Bug: it's theoretically possible (seems very unlikely) to be unable to restore a valid seed #9089

j-berman · 2023-12-17T10:50:22Z

How to see the bug

Take the following valid Spanish seed as an example:

seed
pluma pluma pluma pluma pluma pluma pluma pluma pluma pluma pluma pluma pluma pluma pluma pluma pluma pluma pluma pluma pluma pluma pluma pluma pluma

spend key
b4050000b4050000b4050000b4050000b4050000b4050000b4050000b4050000

It's theoretically possible (obviously extremely unlikely) for a wallet to generate the above seed.

When restoring this seed, it restores to the English seed:

seed
plus plus plus plus plus plus plus plus plus plus plus plus plus plus plus plus plus plus plus plus plus plus plus plus plus

spend key
3b0400003b0400003b0400003b0400003b0400003b0400003b0400003b040000

Why it happens

The wallet tries to infer what language the seed is in. It does this by checking the first X letters of each seed word against each language mnemonic dictionary. For English, only the first 3 letters of each seed word are checked. For Spanish, only the first 4 letters of each seed word are checked.

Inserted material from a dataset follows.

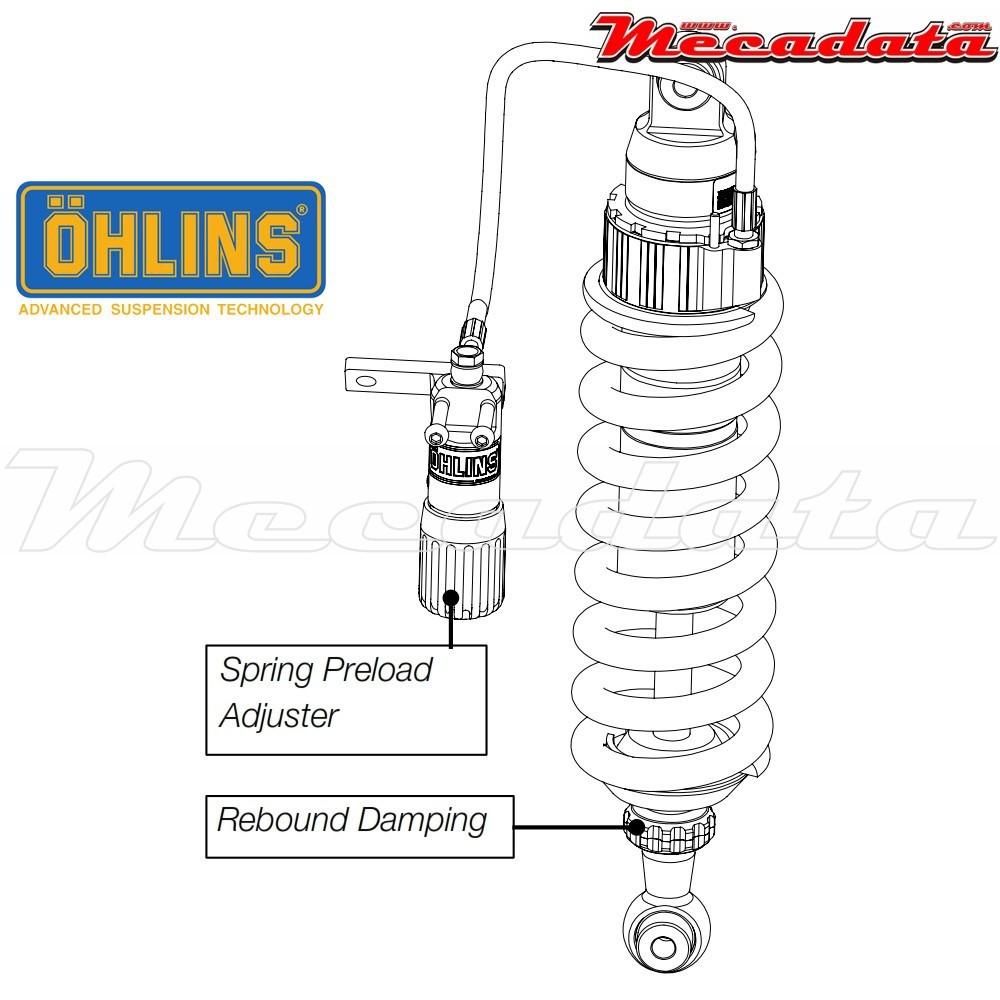 Amortisseur Ohlins BMW R 1200 GS (2004-2012) BM 508 (S46DR1S)  - Arrière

The first 3 letters of pluma -> plu is the same as plus -> plu.

The wallet checks if a seed is English before it checks if the seed is Spanish. When checking if the seed is English, the wallet trims each word to the first 3 letters plu, sees plu is in the trimmed English mnemonic dictionary, then calculates the seed's checksum using the trimmed words and sees the checksum is valid. The wallet then infers the seed's language is the first valid checksum. Thus, in this case, the checksum passes for English before the wallet can even check if the checksum is valid in Spanish, and so the wallet incorrectly thinks the seed is the English seed plus plus ... plus.

Proposed solutions

Potentially disruptive but optimal solution

On restore, require the user specify the seed language along with the seed.

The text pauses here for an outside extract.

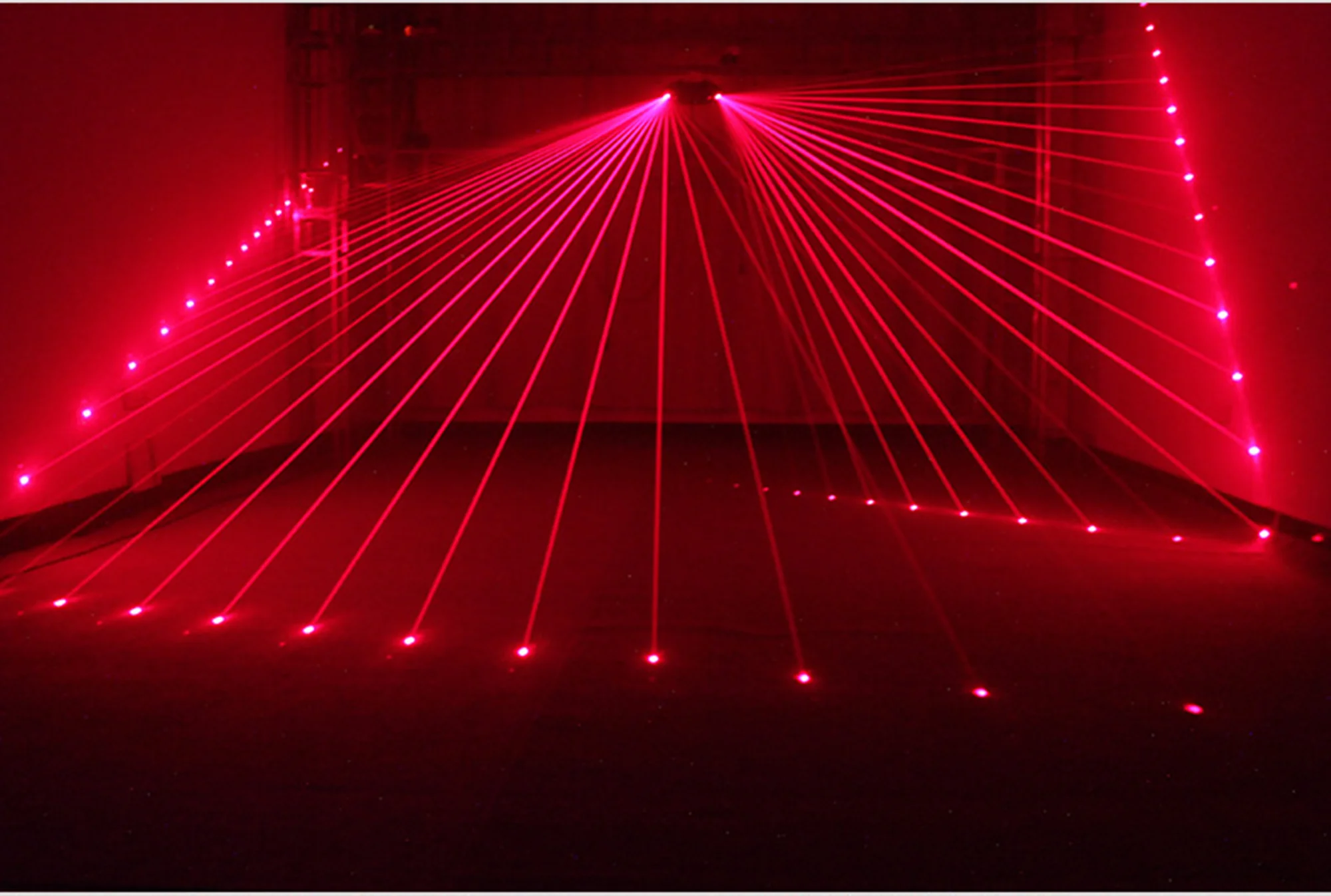 Mostrar tiempo RGB laser latineas de imagen haz escanear DMX DJ Barra de baile Caffee Navidad Fiesta en casa Disco efecto iluminacio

EDIT: I had previously proposed requiring the complete full seed (rather than trimmed), but as @iamamyth pointed out below, this would not solve the issue because there are duplicate full words across languages (e.g. audio in English and Spanish).

Less disruptive solution

Only require the language specification in the event a given seed has multiple valid checksums across different languages.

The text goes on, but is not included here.